Artist and archivist Patrick Pound presents The Museum of Loneliness, a new commission featuring dozens of found objects from his vast collection of over 70,000 photographs. Items include an Ikea orangutan soft toy famous as a companion to a rejected baby macaque, animal trinkets, a baby Jesus figurine, LPs, VHS tapes, and a DVD of Steve Martin’s The Lonely Guy. A tiny miniature man goes unnoticed by most visitors, and a Lonely Planet guide titled Israel & the Palestinian Territories is included. Pound, who spends hours scrolling eBay, said, “To spend six hours a day on the internet is sort of a tragic thing to do. It’s not that nice a lifestyle. But I’ve also made a community there.”
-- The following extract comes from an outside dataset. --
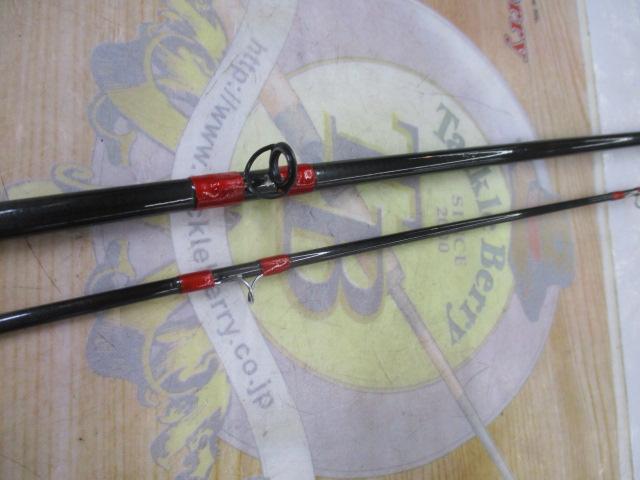 オリジナルフライロッド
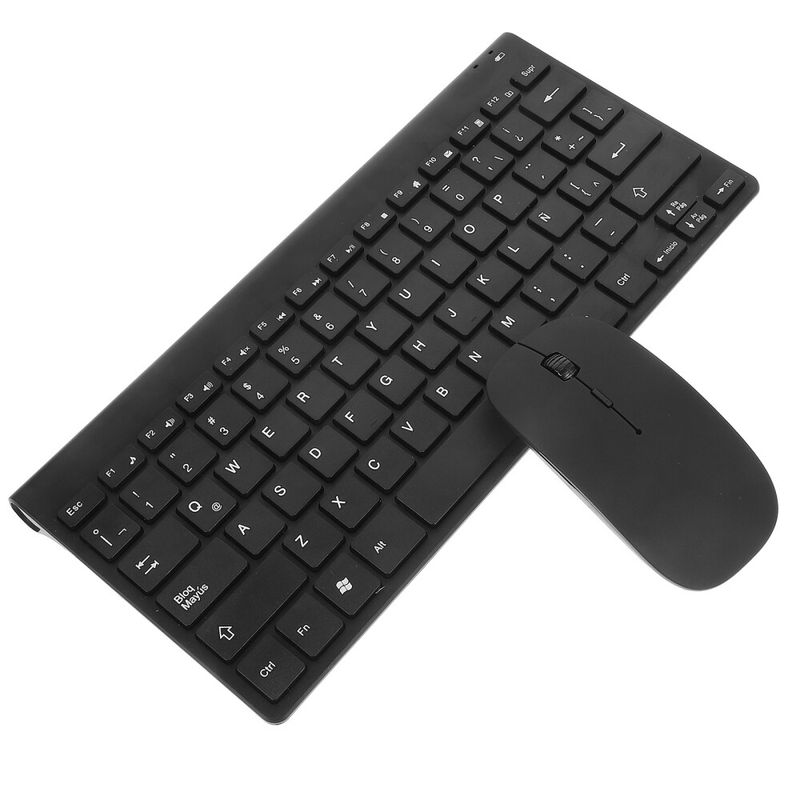 Ensemble clavier et souris sans fil, claviers de bureau, accessoires informatiques_voghion.com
Horizontalism and catatonia

Co-curator Sophie Prince admitted to lying down when spiralling: “I definitely go kind of catatonic. I lie down a lot. I try to blank out the brain chatter that isn’t helpful.” She noted loneliness is a chemical experience, and practising physical adjustment can help.

Lucy Liu’s three large paintings draw on Japanese shunga, depicting a woman’s intimate moment of self-pleasure. Natasha Matila-Smith’s If I die, please delete my Soundcloud features a bed with rumpled linen, laptop, and headphones; a woman bed rots as text cycles: “Men on dating apps … I just wish they had a personality.”

Technology and loneliness

Seth Brown’s Frank is a mechanical mustard bottle with a frankfurter arm, endlessly swiping Instagram for a perfect AI-generated bun. Kayla Mattes’ seven-metre-long hand-woven textile Lonely Planet, which took a year to complete including over seven months of weaving, incorporates viral memes, Yoga With Adriene, emoji reactions, and the cover of the Magnetic Fields album 69 Love Songs. Mattes said, “I was making Lonely Planet as more and more ridiculous, horrible things were happening in America. There’s a loneliness within doomscrolling.”

Hope through connection

The most hopeful work comes from 26-year-old Melbourne artist Melissa Nguyen. Her commission A letter to my mother; A letter to your mother features three white-on-white canvasses with photographs painted in rabbit skin glue. The works explore her mother Trinh’s flight from the Vietnam war as a child. A letter exchange helped bridge their emotional gap. Trinh said, “I knew she was lonely but she never shared it. I told her about everything I went through [as a refugee]. I never thought she’d share all her feelings with me.”

Are you lonely tonight? I’m so lonesome I could cry runs until 30 August at ACCA, Melbourne.